**EXERCISE DESCRIPTION:** Output the data that follows exactly, line for line.

**MATERIAL PROVIDED:**
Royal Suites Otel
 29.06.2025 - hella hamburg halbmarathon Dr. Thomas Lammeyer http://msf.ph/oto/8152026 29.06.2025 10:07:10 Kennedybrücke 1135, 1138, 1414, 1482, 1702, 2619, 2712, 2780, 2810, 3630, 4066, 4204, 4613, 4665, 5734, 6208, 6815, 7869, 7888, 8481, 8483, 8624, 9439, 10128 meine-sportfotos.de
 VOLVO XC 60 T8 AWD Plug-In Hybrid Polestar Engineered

**ANSWER AREA:**
Royal Suites Otel
 29.06.2025 - hella hamburg halbmarathon Dr. Thomas Lammeyer http://msf.ph/oto/8152026 29.06.2025 10:07:10 Kennedybrücke 1135, 1138, 1414, 1482, 1702, 2619, 2712, 2780, 2810, 3630, 4066, 4204, 4613, 4665, 5734, 6208, 6815, 7869, 7888, 8481, 8483, 8624, 9439, 10128 meine-sportfotos.de
 VOLVO XC 60 T8 AWD Plug-In Hybrid Polestar Engineered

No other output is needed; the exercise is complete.